Puree the bananas, sour cream, eggs, and vanilla in a food processor.
Sift the cake flour, 3/4 cup sugar, baking soda, baking powder, and salt into a bowl.
In the bowl of an electric mixer fitted with a paddle attachment, cream the remaining 10 tablespoons butter and 1 cup sugar. On medium speed, add the dry ingredients in 3 additions, alternating with the banana mixture, scraping the sides of the bowl and beating well after each addition.
Pour the batter into the prepared pans. Bake until the cake is lightly browned and bounces back when touched with your fingers, about 30 to 40 minutes, depending upon your oven. Let cool for 10 minutes before turning out onto a wire rack to cool completely. Peel off the parchment paper.
To assemble the cake, using a long serrated knife, trim off the rounded top of each cake layer to make them flat. Place the bottom layer on a wire rack set over a baking sheet. Spread the Pastry Cream evenly over the top. Place the next cake layer upside down on the first. Wrap the cake around the sides with double layers of plastic wrap to keep the pastry cream from oozing out. Gently press down on the top layer. Remove the plastic wrap and scrape off any excess pastry cream.
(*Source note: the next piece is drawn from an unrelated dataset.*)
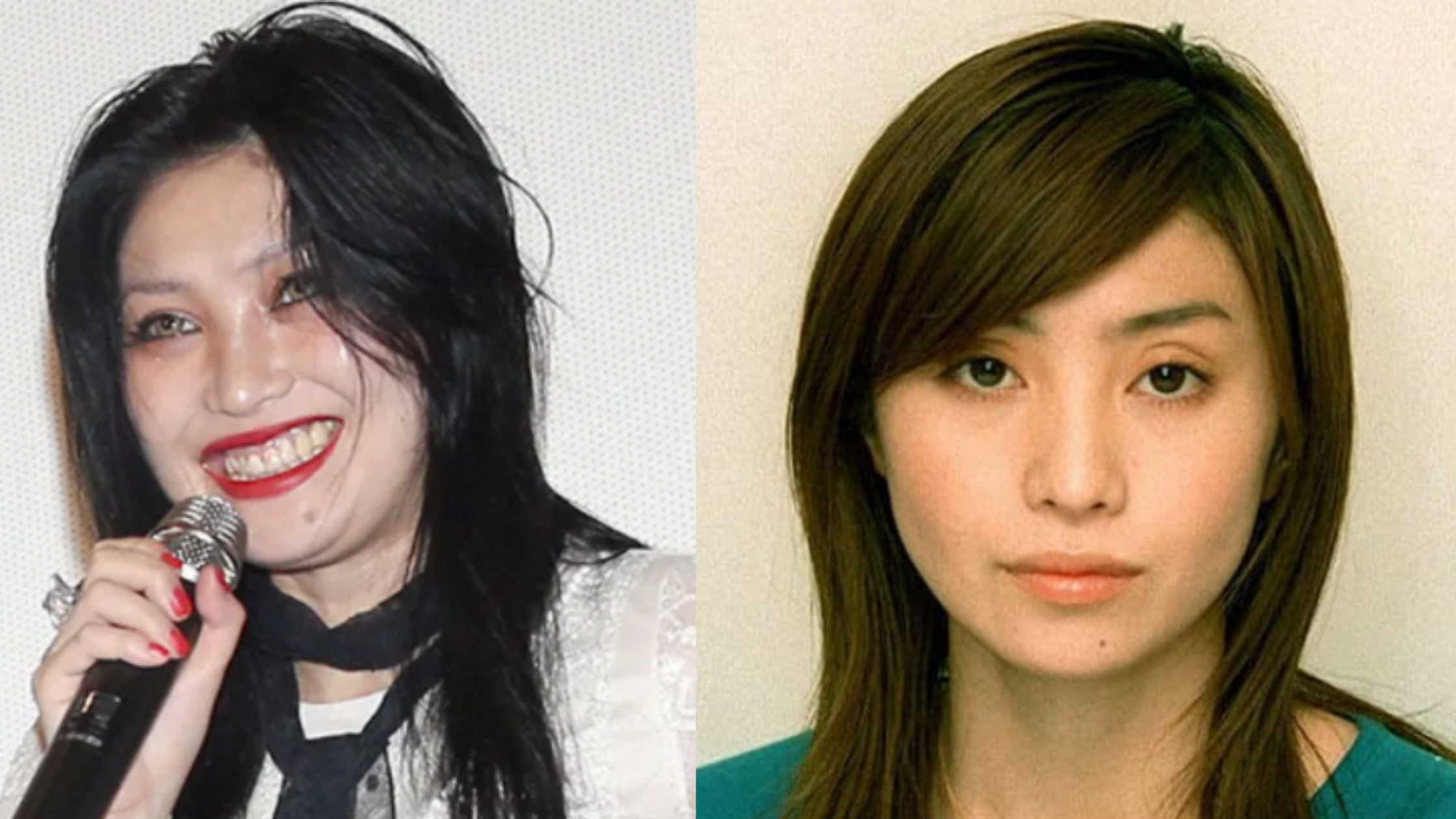 鬼束千尋因踹救護車被捕時，被爆沒有酒味。日媒做了她過去（右）與後來外貌的轉換照片對比。（翻攝DOCOCORE）
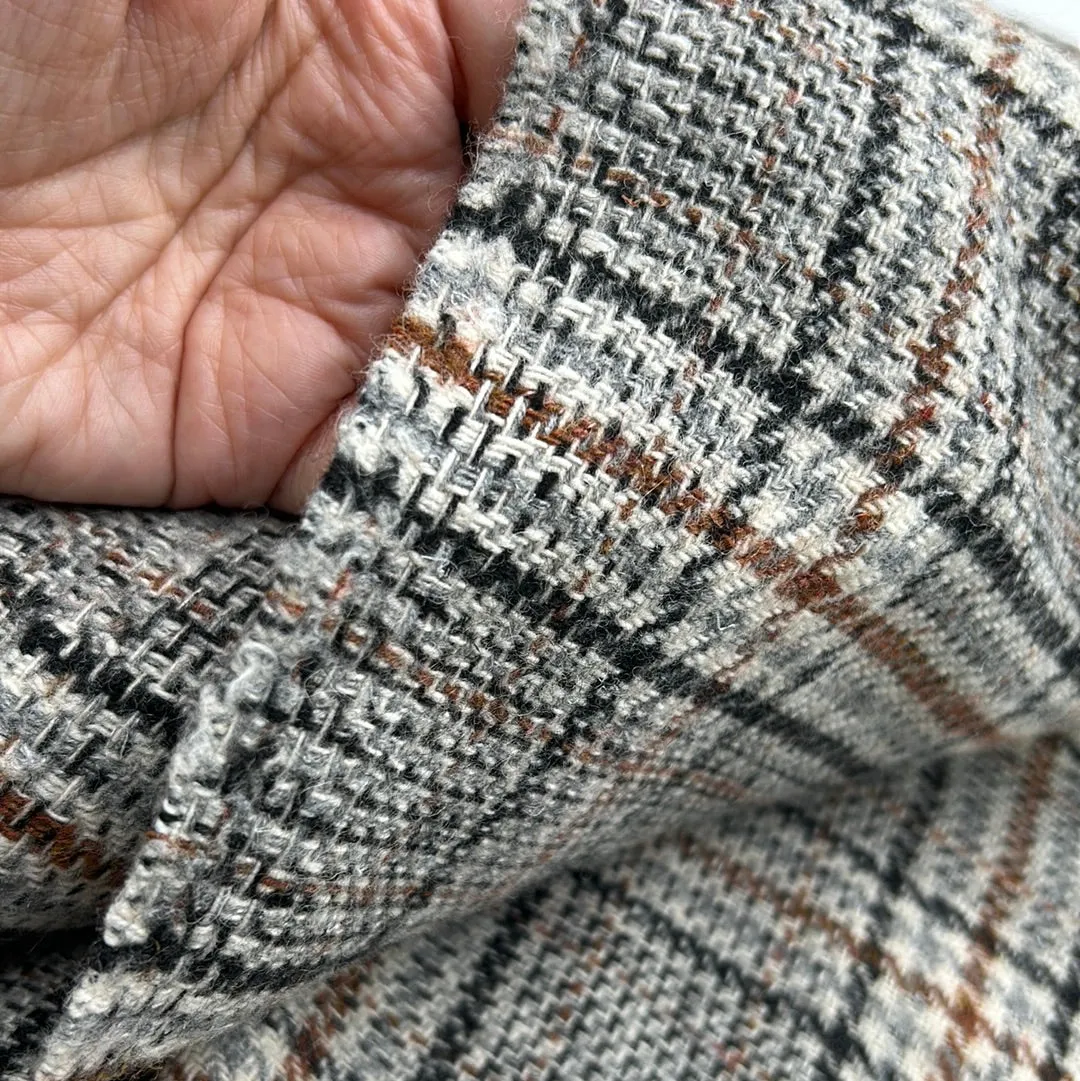 Wool Blend Coat Weight, Brown Plaid (WCW0229)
Slowly pour 1 to 1 1/2 cups of the Chocolate Ganache onto the top of the cake, letting it run down the sides. Let sit for 5 minutes, then, in several applications, slowly pour on the remaining ganache until the cake is completely covered. Chill until ready to serve.
Combine 2 cups of the cream, 1/2 cup plus 1 tablespoon of the sugar, and the vanilla seeds and bean in a medium saucepan. Bring to a gentle boil over medium heat, whisking to dissolve the sugar. Remove from the heat.
Combine the remaining 2 tablespoons heavy cream, the remaining 2 tablespoons of sugar, the egg yolks, and cornstarch in a medium bowl and whisk until pale yellow. Slowly add 1/2 cup of the hot cream to the egg yolk mixture, whisking constantly until smooth. Add the egg yolk mixture back to the hot cream, and whisk well to combine. Return to medium heat, and cook, stirring constantly with a heavy wooden spoon, until the mixture thickens enough to coat the back of a spoon, about 5 minutes.
Remove from the heat and strain through a fine mesh strainer into a clean container. Cover with plastic wrap, pressing it directly against the surface to prevent a skin from forming. Refrigerate until well chilled, about 4 hours. Whisk until smooth before using.
Yield: about 3 cups
Scald the cream in a small saucepan over medium heat. Remove from the heat.
Put the chocolate in a heat-proof bowl. Add the hot cream and let sit for 2 minutes, then whisk until smooth. Let cool slightly before pouring over the cake.